Scientists at the Queen Mary University of London have developed a new method to grow mineralized materials which could regenerate hard tissues such as bone and dental enamel.
The outer part of the teeth is called the enamel, and it is the hardest tissue in the body and enables the teeth to function for a large part of one’s lifespan regardless of exposure to acidic foods and drinks, biting forces, and extreme temperatures. This significant performance results from its very organized structure.
However, in contrast to other tissues of the body, enamel cannot regenerate when it is lost, which can result in pain and tooth loss. These problems impact over 50% of the world’s population and so discovering ways to recreate enamel has long been a crucial necessity in dentistry.
The research, reported in Nature Communications, reveals that this new method can develop materials with outstanding precision and order that look and act like dental enamel.
The materials can be used for a wide range of dental complications such as the prevention and treatment of tooth decay or tooth sensitivity—also called dentin hypersensitivity.
This is exciting because the simplicity and versatility of the mineralisation platform opens up opportunities to treat and regenerate dental tissues. For example, we could develop acid resistant bandages that can infiltrate, mineralise, and shield exposed dentinal tubules of human teeth for the treatment of dentin hypersensitivity.”
Dr Sherif Elsharkawy, Queen Mary's University of London
Simple and versatile
The mechanism that has been established is based on a particular protein material that is able to stimulate and guide the growth of apatite nanocrystals at numerous scales - similar to the growth of crystals when dental enamel develops in the human body.
This structural organization is important for the exceptional physical properties displayed by natural dental enamel.
A major goal in materials science is to learn from nature to develop useful materials based on the precise control of molecular building-blocks. The key discovery has been the possibility to exploit disordered proteins to control and guide the process of mineralisation at multiple scales.
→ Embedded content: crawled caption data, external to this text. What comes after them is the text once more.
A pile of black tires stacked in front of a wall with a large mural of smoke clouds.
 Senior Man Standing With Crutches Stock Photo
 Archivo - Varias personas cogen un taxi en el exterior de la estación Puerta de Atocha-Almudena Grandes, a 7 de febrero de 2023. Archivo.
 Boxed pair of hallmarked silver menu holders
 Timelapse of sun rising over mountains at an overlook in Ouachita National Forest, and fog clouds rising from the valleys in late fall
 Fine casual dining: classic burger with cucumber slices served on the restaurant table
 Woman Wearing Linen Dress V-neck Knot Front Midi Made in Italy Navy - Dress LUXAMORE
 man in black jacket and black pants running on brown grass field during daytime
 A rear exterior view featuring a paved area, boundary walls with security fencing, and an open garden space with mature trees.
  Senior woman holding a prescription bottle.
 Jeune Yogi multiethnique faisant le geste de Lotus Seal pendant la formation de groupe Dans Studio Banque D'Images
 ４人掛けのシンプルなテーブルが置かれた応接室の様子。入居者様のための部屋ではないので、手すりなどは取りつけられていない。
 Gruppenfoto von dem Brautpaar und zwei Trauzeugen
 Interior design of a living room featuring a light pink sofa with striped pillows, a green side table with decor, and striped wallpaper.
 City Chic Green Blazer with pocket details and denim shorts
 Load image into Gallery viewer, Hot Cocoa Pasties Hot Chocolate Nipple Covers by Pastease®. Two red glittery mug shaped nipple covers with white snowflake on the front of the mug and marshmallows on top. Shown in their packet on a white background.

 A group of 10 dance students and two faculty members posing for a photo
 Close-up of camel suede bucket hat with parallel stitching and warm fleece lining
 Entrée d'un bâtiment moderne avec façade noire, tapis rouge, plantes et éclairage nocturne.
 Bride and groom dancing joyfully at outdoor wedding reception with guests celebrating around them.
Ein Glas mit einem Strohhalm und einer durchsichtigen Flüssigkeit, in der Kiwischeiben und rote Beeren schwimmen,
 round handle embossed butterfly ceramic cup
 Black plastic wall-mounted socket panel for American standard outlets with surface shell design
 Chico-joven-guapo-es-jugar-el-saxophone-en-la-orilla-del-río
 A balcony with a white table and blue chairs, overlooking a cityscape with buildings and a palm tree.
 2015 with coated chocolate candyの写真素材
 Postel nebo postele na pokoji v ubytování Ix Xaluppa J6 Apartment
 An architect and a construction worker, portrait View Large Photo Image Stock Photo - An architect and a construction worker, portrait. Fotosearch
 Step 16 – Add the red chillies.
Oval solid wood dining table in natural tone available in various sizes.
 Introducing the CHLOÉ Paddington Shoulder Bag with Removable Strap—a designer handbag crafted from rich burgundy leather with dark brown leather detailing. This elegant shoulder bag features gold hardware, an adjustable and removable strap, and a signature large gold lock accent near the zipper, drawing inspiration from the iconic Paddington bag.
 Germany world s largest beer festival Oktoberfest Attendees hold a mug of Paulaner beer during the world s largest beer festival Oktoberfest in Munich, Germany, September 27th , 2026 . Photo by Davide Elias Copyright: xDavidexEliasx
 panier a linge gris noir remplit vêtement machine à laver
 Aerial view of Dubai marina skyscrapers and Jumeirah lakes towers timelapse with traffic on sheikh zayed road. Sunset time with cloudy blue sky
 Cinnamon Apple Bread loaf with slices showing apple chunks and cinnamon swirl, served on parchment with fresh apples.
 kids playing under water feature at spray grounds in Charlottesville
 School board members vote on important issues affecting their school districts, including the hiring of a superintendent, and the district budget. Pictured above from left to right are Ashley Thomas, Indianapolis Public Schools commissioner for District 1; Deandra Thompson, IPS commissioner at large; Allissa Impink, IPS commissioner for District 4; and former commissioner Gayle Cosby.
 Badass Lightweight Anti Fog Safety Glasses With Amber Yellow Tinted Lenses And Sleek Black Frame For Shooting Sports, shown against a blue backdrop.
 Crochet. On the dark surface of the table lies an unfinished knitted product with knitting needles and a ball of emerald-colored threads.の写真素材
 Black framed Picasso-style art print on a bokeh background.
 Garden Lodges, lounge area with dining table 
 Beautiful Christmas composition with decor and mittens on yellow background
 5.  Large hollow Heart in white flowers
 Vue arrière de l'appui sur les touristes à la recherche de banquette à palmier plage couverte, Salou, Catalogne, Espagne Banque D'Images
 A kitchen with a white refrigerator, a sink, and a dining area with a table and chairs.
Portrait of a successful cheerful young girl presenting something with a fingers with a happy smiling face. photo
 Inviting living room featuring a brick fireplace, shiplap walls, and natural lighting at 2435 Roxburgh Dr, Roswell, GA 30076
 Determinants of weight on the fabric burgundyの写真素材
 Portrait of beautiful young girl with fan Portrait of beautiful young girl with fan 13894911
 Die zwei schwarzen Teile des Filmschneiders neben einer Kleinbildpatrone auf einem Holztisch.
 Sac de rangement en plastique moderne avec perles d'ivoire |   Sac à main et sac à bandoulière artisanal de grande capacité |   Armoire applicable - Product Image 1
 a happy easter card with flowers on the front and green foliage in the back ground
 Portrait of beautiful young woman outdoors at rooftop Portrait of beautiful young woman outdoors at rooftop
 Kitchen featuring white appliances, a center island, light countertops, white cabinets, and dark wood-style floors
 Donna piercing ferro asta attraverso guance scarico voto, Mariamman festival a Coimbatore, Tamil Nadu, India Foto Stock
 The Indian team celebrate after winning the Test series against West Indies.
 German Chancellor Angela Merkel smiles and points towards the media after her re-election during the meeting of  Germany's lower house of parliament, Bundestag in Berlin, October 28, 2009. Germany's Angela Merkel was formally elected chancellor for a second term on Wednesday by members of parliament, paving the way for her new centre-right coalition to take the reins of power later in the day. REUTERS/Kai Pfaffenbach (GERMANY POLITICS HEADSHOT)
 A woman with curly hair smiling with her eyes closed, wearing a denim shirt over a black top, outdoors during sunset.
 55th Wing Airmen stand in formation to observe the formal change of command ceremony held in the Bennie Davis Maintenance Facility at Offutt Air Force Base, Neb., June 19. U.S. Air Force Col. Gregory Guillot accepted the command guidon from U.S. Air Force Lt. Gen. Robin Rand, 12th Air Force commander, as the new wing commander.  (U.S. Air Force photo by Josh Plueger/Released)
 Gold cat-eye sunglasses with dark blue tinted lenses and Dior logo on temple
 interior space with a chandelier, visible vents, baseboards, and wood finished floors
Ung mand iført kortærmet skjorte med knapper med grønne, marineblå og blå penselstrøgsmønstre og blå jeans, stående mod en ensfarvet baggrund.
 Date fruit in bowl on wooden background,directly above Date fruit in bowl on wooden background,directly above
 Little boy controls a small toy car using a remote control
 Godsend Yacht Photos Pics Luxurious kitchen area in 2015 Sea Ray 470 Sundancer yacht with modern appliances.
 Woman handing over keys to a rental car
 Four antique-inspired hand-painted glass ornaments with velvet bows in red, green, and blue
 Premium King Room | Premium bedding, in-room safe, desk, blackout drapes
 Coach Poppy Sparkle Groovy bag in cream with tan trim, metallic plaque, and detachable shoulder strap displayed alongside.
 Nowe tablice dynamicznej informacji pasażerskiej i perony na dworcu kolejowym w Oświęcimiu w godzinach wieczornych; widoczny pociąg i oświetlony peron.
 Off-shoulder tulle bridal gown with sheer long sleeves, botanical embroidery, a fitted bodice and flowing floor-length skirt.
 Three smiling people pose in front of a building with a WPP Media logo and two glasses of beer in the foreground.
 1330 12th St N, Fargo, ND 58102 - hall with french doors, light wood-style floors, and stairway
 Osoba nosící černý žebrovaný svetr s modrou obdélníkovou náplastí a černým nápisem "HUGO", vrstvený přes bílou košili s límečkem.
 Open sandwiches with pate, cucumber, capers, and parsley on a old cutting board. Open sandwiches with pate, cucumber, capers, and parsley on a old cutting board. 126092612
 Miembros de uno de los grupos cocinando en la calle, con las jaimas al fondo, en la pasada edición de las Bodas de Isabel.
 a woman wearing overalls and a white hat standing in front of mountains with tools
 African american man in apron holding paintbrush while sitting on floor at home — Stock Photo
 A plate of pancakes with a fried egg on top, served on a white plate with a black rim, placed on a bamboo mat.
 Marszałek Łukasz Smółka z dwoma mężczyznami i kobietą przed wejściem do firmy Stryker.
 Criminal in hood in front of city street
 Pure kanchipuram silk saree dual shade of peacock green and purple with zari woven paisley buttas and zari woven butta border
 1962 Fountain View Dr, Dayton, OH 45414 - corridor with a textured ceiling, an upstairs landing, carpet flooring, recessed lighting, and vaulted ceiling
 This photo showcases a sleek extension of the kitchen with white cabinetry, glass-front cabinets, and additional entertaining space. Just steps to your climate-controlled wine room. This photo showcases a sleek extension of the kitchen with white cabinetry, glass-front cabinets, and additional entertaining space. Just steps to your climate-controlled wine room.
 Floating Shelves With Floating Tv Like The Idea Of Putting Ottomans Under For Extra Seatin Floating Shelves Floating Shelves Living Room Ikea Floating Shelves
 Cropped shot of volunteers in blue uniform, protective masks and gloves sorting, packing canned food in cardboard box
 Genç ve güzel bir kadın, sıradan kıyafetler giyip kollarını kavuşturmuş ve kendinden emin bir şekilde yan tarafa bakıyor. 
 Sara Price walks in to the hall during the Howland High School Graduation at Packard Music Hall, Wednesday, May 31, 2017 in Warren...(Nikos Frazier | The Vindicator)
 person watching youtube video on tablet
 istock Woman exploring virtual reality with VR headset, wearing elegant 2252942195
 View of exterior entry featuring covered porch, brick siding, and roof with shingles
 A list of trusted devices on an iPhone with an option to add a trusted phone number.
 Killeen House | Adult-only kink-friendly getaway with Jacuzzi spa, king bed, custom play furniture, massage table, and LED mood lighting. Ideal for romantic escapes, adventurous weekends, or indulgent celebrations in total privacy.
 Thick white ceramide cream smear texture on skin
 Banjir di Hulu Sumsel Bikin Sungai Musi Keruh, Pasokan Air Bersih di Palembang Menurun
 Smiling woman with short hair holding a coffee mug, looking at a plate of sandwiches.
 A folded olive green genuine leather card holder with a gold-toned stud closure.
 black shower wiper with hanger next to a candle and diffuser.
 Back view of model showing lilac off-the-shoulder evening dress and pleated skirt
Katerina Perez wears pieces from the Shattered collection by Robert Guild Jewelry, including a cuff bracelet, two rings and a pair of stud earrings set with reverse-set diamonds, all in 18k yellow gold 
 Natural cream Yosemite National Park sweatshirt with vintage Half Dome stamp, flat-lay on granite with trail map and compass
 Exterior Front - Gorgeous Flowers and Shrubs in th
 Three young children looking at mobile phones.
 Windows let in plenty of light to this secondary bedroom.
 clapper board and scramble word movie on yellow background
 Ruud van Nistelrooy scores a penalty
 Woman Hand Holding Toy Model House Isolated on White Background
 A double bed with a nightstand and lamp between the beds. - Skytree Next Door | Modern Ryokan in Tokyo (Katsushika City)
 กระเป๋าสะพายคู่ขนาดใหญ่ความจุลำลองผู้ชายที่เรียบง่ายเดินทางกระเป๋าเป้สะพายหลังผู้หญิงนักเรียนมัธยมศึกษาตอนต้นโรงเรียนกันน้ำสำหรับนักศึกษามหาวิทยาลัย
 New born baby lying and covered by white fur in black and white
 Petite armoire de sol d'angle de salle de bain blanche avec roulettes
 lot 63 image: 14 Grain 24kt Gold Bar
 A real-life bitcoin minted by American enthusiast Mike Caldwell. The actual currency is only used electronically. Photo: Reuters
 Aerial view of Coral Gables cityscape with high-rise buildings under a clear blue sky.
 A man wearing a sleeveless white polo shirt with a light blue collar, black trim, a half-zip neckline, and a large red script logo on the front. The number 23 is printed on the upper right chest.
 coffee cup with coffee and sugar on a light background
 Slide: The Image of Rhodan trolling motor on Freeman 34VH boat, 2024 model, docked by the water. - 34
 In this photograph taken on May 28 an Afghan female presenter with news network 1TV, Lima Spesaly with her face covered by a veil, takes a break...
Through this, we have developed a technique to easily grow synthetic materials that emulate such hierarchically organised architecture over large areas and with the capacity to tune their properties.”
Professor Alvaro Mata, Lead Author
Mimic other hard tissues
Facilitating control of the mineralization process opens the prospect to develop materials with properties that mimic various hard tissues beyond enamel such as dentin and bone. As such, the study has the potential to be used in a range of applications in regenerative medicine.
Furthermore, the research also provides understanding into the role of protein disorder in human pathology and physiology.
The study was financed by the Marie Curie Integration Grant (BIOMORPH) and the European Research Council (ERC) Starting Grant (STROFUNSCAFF).